Uncontrolled hyperglycemia has unfavorable consequences at the nervous system of the DM patient. Diabetic neuropathy is defined as a microvascular and metabolic complication associated with DM along with structural and neurochemical alterations in both autonomic and peripheral nervous system in DM patients [97]. Neuropathy in the peripheral nervous system (Diabetic Peripheral Neuropathy, DPN) firmly related to excessive Medicare expenses, mortality, and existence hazardous results, for example, ulceration in the foot. The prevalence of DPN in patients with DM is around 35%, though up to 50% of patients with DM diagnose with neuropathy over time [88]. There is no any specific reported treatment of DPN, the main proposed technique for avoidance and assuaging signs being the steady support of euglycemia. The DPN pathophysiology is complicated and numerous signaling pathways make contributions to it [98]. A number of animal examinations have proposed that the DPN pathogenesis might be because of both increasing levels of blood glucose and the absence of neurotrophic effect of insulin or C-peptide [99,100]. Long term increasing level of blood glucose can cause intense alterations in metabolism and enzyme levels; discharge of neuropoietic cytokine (for example TNF-α, IL-1, and IL-6) can change homeostatic plasticity in neuronal systems and is associated in the advancement of DPN [101].

In one of the ongoing investigation, genistein has appeared neuroprotective impact against worldwide cerebral ischemia-reperfusion-prompted neuro damage in STZ-instigated DM mice. Genistein hindered a mitochondrial action in terms of neuronal apoptosis and DPP-4 action displays a key system by which it may alter intracellular OS and diminishing the infarct size in diabetic mice with cerebral IR, thus securing cognitive damage [102]. Likewise, in one of another investigation adequacy of genistein pretreatment on the signs and symptoms of the obsessive-compulsive disease (OCD) in STZ-incited diabetic mice was studied. After attaining concentration inside the mind cortical location, genistein may stabilize the metabolism of monoamine, especially serotonergic action, and thusly apply an anti-compulsive-like impact [103]. Additionally, genistein has likewise stated as neuroprotective approaches towards DM and age-associated neurodegenerative illnesses [104]. Genistein like estradiol might be appropriate medications towards cortical metabolic disorders brought about by DM (Table 1).
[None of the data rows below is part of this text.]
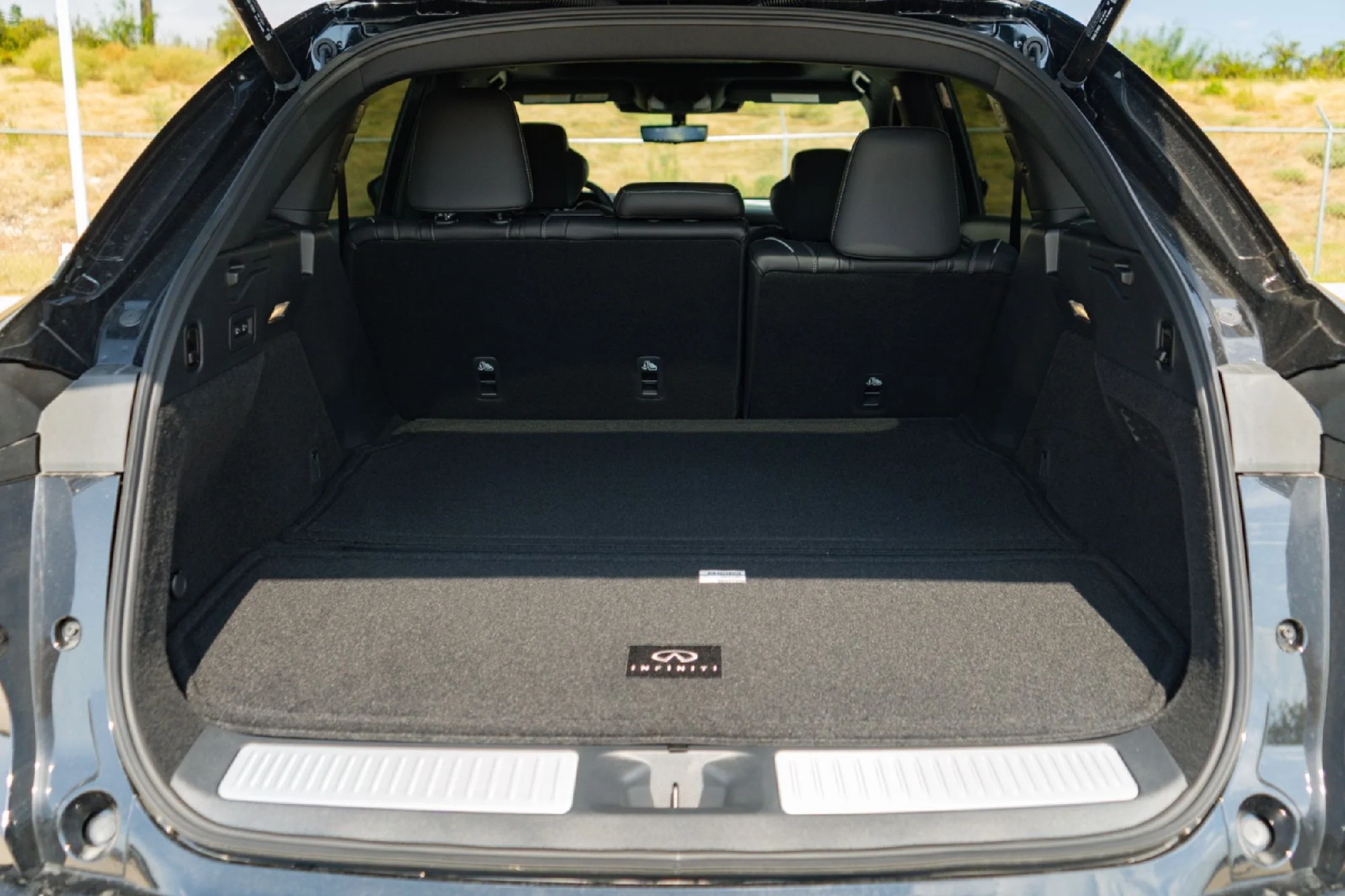 2027 INFINITI QX65 Autograph - Photo 25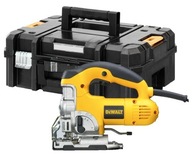 priamočiara píla s podrezaním 701W, DeWALT DW331KT-QS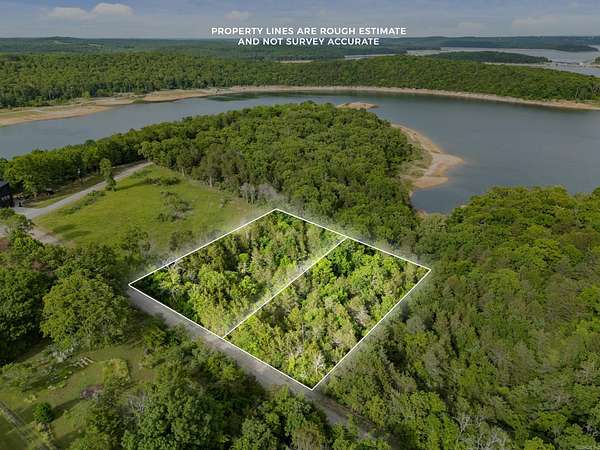 0.69 Acres of Residential Land for Sale in Mountain Home, Arkansas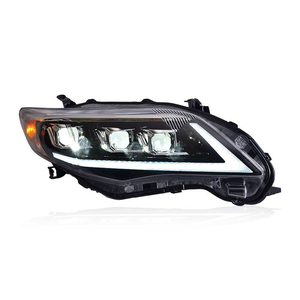 AURON Nueva Lámpara Delantera LED de 32V con Chip de Alto Lumen y Bajo Consumo para Actualización de 2011-2013, Construcción de Aluminio, Blanco 6000K - Product Image 2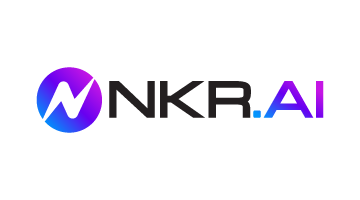 nkr.ai is for sale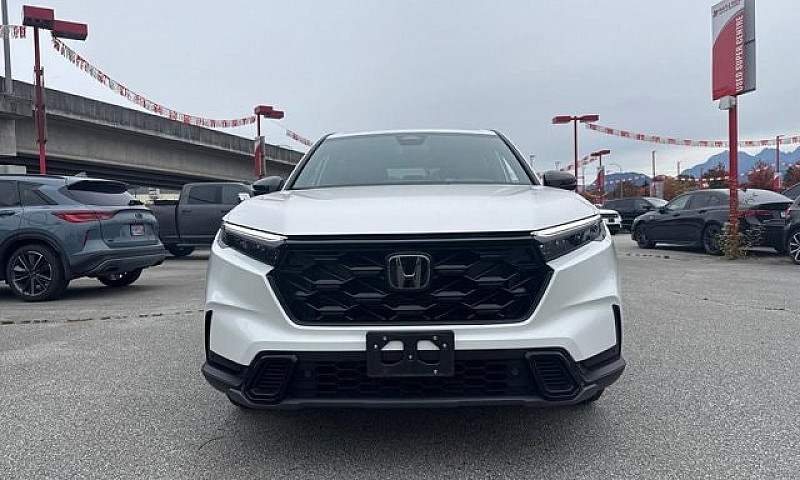 2024 Honda Cr-V Hybr...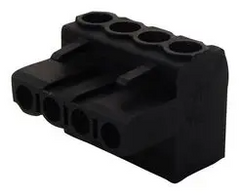 Pilz Set of spare plug-in terminals, 4-pin in screw
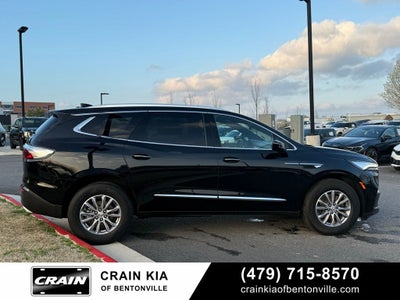 2024 Buick Enclave Premium Group - AWD / CLEAN CARFAX / ONE OWNER
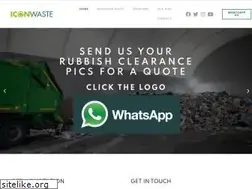 Sites similar to iconwaste.co.uk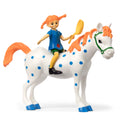 Pippi Figurset Pippi & Lilla Gubben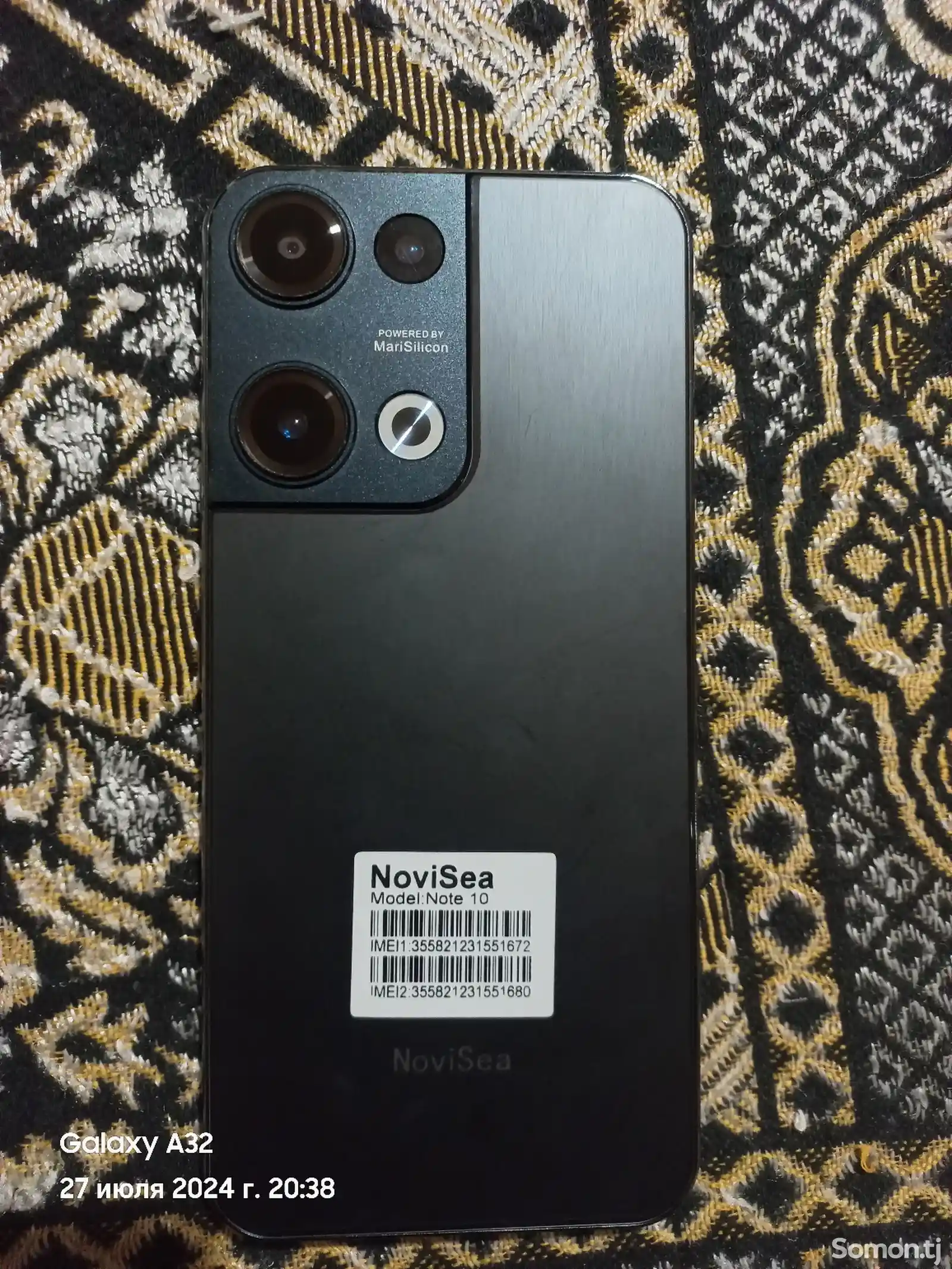 Novi Sea Note 10-8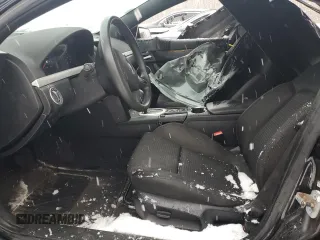 2009 Pontiac G8 with VIN 6G2ER57719L164906, listed as a Copart auction lot 43204695 with 351,959 mi miles and Salvage Title. Bid and sale history available at carsss.com. Image 7.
Genistein is having natural antioxidative activity with different biological and pharmacological properties. In the course of recent years, maximum examinations have concentrated on the remedial roles of genistein for DM, CVD, renal, reproductive disorders, neurodegenerative dysfunctions, and malignancy. An expanding number of researches have assessed the helpful impacts of genistein on the remedy of DM and its difficulties. The occurrence of diabetes and its complexities drastically diminishes after genistein mediation. In current years, the counter diabetic mechanisms of genistein have been mentioned. Genistein produces direct results on β-cell expansion, glucose-invigorated insulin discharge and assurance against apoptosis, independent of its features as an estrogen receptor agonist, or tyrosine kinase inhibitor. OS destructs insulin discharge and develops resistance to insulin, in this manner exasperating the pathogenic state of DM and its intricacies. Genistein, an amazing antioxidative agent, can inhibit OS and postpone the diabetic associated complications progression. The immune system causes inflammatory reactions in islets of the pancreas and peripheral insulin resistance by means of discharging cytokines as well as. Hence, suppressing the discharge of those inflammatory factors probably an important motive for the remedial influences of genistein on those illnesses. OS and inflammatory reactions are the 2 noteworthy causes that advance the improvement and development of DM associated problems. Diabetic nephropathy, retinopathy, and neuropathy have been most extensively unique complications.

Commonly, the precise mechanism of genistein on those diseases need to be in addition studied Primarily based at the information supplied in the present assessment, genistein might be utilized to effectively avert a number of the clinical complications of DM. Later on, we will explore the function of genistein in the treatment of DM and its adverse effects.